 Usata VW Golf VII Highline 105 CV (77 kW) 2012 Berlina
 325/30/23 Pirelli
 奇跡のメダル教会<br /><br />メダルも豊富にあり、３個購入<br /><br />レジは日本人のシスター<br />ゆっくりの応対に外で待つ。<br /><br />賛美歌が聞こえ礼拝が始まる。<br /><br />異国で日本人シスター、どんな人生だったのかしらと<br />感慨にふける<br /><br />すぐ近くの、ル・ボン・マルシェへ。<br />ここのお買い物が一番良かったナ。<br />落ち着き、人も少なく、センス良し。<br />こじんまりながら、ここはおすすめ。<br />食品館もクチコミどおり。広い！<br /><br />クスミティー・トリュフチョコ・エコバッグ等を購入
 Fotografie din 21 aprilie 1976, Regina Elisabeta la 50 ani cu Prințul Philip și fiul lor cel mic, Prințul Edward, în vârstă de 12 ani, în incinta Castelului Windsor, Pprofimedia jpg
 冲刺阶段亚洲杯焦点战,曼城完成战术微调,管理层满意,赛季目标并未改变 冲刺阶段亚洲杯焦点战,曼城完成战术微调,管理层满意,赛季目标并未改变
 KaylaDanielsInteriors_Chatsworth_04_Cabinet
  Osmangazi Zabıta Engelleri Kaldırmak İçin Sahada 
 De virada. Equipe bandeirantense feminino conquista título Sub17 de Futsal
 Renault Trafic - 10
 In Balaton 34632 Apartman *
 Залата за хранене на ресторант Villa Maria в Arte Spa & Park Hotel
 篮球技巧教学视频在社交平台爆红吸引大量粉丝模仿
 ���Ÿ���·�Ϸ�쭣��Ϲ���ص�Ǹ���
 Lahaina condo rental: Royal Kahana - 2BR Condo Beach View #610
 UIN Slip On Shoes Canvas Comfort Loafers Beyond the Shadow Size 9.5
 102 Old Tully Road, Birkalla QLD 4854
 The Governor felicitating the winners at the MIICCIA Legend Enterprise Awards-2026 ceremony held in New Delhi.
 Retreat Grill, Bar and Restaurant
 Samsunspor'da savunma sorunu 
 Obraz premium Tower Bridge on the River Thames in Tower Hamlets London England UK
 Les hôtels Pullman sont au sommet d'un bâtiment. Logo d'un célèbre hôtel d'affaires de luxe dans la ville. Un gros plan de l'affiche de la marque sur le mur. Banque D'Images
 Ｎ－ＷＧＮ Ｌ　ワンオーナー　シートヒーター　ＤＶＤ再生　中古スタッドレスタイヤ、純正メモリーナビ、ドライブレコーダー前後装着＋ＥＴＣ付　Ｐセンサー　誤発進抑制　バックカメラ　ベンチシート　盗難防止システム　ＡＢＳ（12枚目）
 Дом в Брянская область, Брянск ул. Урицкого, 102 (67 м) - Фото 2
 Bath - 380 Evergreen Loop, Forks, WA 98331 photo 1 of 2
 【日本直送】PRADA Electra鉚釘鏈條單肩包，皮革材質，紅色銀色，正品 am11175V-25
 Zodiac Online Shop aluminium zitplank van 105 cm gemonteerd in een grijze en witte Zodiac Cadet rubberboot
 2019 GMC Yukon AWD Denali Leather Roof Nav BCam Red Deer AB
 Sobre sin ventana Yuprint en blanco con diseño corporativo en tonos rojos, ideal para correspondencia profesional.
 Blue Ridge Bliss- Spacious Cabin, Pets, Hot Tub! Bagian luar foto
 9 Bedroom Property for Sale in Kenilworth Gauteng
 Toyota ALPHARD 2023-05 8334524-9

Problem to solve: Return the span of lines in the data above that opens at the line with "Osmangazi Zabıta Engelleri" and closes at the line with "The Governor felicitating", exactly, ends included, nothing else.

Output of the task:
  Osmangazi Zabıta Engelleri Kaldırmak İçin Sahada 
 De virada. Equipe bandeirantense feminino conquista título Sub17 de Futsal
 Renault Trafic - 10
 In Balaton 34632 Apartman *
 Залата за хранене на ресторант Villa Maria в Arte Spa & Park Hotel
 篮球技巧教学视频在社交平台爆红吸引大量粉丝模仿
 ���Ÿ���·�Ϸ�쭣��Ϲ���ص�Ǹ���
 Lahaina condo rental: Royal Kahana - 2BR Condo Beach View #610
 UIN Slip On Shoes Canvas Comfort Loafers Beyond the Shadow Size 9.5
 102 Old Tully Road, Birkalla QLD 4854
 The Governor felicitating the winners at the MIICCIA Legend Enterprise Awards-2026 ceremony held in New Delhi.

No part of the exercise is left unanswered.